– Внимательно приглядываясь к этому вопросу, – отвечал я, – я пришел к убеждению, что важнейшие интересы нашего народа как великой нации вполне совпадают с интересами России.
– Не только наши интересы совпадают, – горячо подтвердил государь, – но и враги у нас одни и те же!
Если говорить о географии, то немаловажно подчеркнуть, что встреча русских и американцев на Аляске произошла в тот момент, когда волна русского проникновения на Восток практически иссякла. Россия была озабочена уже не тем, чтобы присоединить новые земли, а тем, как бы освоить и надежно защитить то, что ей и так уже принадлежало. Естественной границей для русской колонизационной волны стал Дальний Восток. До американского берега долетели на самом деле лишь брызги от этой волны: к моменту знаменитой продажи Аляски русских там жило всего 800 человек, а Российско-американская компания с трудом сводила концы с концами, настойчиво требуя от государства дотаций и всевозможной помощи.
Русский отлив на Аляске встретился с могучим американским приливом, которому и уступил легко, без всякого сопротивления и ущерба для собственного достоинства, а наоборот, даже с некоторой на тот момент выгодой.
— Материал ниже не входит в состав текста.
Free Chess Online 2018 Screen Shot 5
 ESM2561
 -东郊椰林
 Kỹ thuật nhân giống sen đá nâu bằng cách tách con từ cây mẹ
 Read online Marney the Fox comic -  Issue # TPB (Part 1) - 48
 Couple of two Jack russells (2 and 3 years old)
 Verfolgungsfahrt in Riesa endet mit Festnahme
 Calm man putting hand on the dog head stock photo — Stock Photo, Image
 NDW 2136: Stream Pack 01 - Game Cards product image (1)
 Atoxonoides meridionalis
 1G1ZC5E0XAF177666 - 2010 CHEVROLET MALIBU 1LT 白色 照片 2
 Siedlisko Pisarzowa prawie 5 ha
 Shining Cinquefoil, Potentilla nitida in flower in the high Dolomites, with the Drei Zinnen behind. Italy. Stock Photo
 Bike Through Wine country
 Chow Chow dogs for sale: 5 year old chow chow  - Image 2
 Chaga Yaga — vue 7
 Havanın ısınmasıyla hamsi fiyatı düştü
Знаменитая доктрина Монро, столь негативно воспринимавшаяся позже в Советском Союзе (прежде всего как свидетельство американского экспансионизма в Латинской Америке), в царской России, напротив, встречала сочувствие. Я уже писал о том, как позитивно отзывались о ней русские славянофилы, обосновывающие, в частности, и с помощью этой доктрины справедливость своих собственных идей панславизма. Но и без этого в Петербурге тогда с пониманием относились к идеям господина Монро. Не очень высоко ценя русскую Аляску, многие политики в Петербурге тогда полагали, что точно так же, как Россия расширяла свои территории за счет освоения просторов Сибири и Дальнего Востока, США могут позволить себе двигать американскую границу на север до естественных пределов, начертанных береговой линией.
Если на Западе (особенно это было модно в период «холодной войны» ХХ века) доктрину Монро чаще всего трактовали как энергичный ответ русским, поскольку формально отправной точкой доктрины послужил указ императора Александра I о границах российских владений на Американском континенте, то сам Петербург в момент появления доктрины не усматривал в ней ничего враждебного. Русские видели в доктрине лишь антианглийский подтекст.
Парадокса здесь нет. Латинская Америка царскую Россию, в отличие от СССР, волновала мало, а что касается продвижения США на север, то здесь американцы встречались прежде всего не с русскими, а как раз с англичанами, которых рассматривали в качестве потенциального противника. Так же воспринимала англичан и Россия. К тому же само появление русских на американском берегу было продиктовано не столько политическими, сколько коммерческими, или, еще точнее, промысловыми мотивами. Как верно подмечают многие исследователи, на американский берег русских заставил шагнуть мех морского бобра. В то время как испанцы и американцы, осваивая континент, обустраивались навсегда, старясь выбрать для своих городов наиболее подходящие для жизни места с пригодной для посевов плодородной почвой и пастбищами, русские поселения в Америке являлись, как правило, лишь промысловыми поселками. Русские селились там, где лучше охотиться и рыбачить, а не жить. Чем меньше становилось в районе меха, тем меньше шансов на выживание имели промысловые поселки. В том числе и поэтому Русская Америка оказалась столь слабозаселенной и в конечном счете столь неконкурентоспособной.
Принципиальный подход к своим русским владениям в Америке власть в Петербурге определила еще во времена Екатерины II. И это был подход не политический, а прагматично-коммерческий. Когда один из основателей Русской Америки Григорий Шелихов ходатайствовал перед императрицей о выделении ссуды на 20 лет без процентов, Екатерина не без язвительности ответила:
Подобный заем похож на предложение того, который слона хотел выучить говорить через тридцатилетний срок и, быв вопрошаем, на что такой долгий срок, сказал: «Либо слон умрет, либо я, либо тот, который мне дает деньги на учение слона».